Unable to find the kernel source tree for the currently running kernel.    
         Please make sure you have installed the kernel source files for your kernel
         and that they are properly configured; on Red Hat Linux systems, for        
         example, be sure you have the 'kernel-source' or 'kernel-devel' RPM        
         installed.  If you know the correct kernel source files are installed, you  
         may specify the kernel source path with the '--kernel-source-path' command  
         line option.

When I do:

Code:

uname -r
5.15.102-1-pve

Code:

ls -l /usr/src
total 4
drwxr-xr-x  4 root root  138 Aug 13 21:07 linux-headers-5.10.0-32-amd64
drwxr-xr-x  4 root root   77 Aug 13 21:07 linux-headers-5.10.0-32-common
drwxr-xr-x 25 root root 4096 Aug 13 21:08 linux-headers-6.8.12-1-pve
lrwxrwxrwx  1 root root   24 Aug 10 08:09 linux-kbuild-5.10 -> ../lib/linux-kbuild-5.10

Not sure why it uses the old linux-headers, while there are the more recent 6.8 headers available. I'm not sure what to do to fix this...

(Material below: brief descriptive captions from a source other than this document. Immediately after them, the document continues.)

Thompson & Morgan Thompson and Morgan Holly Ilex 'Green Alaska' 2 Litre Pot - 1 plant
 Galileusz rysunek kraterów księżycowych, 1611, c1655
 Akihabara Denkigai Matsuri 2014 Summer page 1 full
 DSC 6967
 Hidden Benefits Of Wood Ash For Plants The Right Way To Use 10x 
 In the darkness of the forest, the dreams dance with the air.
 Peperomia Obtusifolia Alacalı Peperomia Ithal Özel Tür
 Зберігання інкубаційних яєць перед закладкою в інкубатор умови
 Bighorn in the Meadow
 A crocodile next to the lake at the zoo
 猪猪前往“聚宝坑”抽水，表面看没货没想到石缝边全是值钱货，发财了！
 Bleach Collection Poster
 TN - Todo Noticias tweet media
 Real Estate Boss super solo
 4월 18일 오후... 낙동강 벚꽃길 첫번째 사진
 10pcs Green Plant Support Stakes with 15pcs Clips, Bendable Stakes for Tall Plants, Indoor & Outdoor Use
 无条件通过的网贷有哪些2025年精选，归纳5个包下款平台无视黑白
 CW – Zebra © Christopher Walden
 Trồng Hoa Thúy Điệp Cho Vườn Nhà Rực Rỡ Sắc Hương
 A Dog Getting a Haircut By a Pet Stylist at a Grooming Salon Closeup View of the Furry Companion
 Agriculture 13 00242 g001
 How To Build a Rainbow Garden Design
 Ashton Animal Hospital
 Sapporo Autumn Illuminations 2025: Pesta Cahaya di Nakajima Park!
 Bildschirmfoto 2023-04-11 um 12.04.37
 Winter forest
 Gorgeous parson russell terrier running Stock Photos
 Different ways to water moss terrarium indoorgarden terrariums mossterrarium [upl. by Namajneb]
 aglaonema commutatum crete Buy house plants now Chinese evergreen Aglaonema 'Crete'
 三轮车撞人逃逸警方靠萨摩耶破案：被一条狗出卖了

PS for some reason I get an error when I do dist-upgrade, I think it is related:

Code:

root@pve:/var/log# apt-get dist-upgrade
Reading package lists... Done
Building dependency tree... Done
Reading state information... Done
Calculating upgrade... Done
The following packages will be REMOVED:
  proxmox-ve pve-container pve-ha-manager pve-manager qemu-server
The following NEW packages will be installed:
  ethtool pve-edk2-firmware-legacy pve-edk2-firmware-ovmf python3-distutils python3-lib2to3 python3-setuptools python3-systemd
The following packages have been kept back:
  grub-efi-amd64-bin libpve-storage-perl pve-xtermjs zfs-initramfs
The following packages will be upgraded:
  ifupdown2 libpve-cluster-api-perl libpve-cluster-perl libpve-common-perl libpve-guest-common-perl libpve-http-server-perl pve-edk2-firmware
7 upgraded, 7 newly installed, 5 to remove and 4 not upgraded.
Need to get 0 B/9,670 kB of archives.
After this operation, 279 MB disk space will be freed.
Do you want to continue? [Y/n] Y
W: (pve-apt-hook) !! WARNING !!
W: (pve-apt-hook) You are attempting to remove the meta-package 'proxmox-ve'!
W: (pve-apt-hook)
W: (pve-apt-hook) If you really want to permanently remove 'proxmox-ve' from your system, run the following command
W: (pve-apt-hook)       touch '/please-remove-proxmox-ve'
W: (pve-apt-hook) run apt purge proxmox-ve to remove the meta-package
W: (pve-apt-hook) and repeat your apt invocation.
W: (pve-apt-hook)
W: (pve-apt-hook) If you are unsure why 'proxmox-ve' would be removed, please verify
W: (pve-apt-hook)       - your APT repository settings
W: (pve-apt-hook)       - that you are using 'apt full-upgrade' to upgrade your system
E: Sub-process /usr/share/proxmox-ve/pve-apt-hook returned an error code (1)
E: Failure running script /usr/share/proxmox-ve/pve-apt-hook
root@pve:/var/log#

KciNicK · Aug 13, 2024

the headers are installed manually,

# apt install linux-headers-5.15.102-1-pve

i'm guessing here, my first proxmox was 8.2-1, so if that's not the package search for it with

# apt list linux-headers-* |grep 5.15

then install it.

KciNicK · Aug 13, 2024

patrickob said:
Not sure why it uses the old linux-headers, while there are the more recent 6.8 headers available. I'm not sure what to do to fix this...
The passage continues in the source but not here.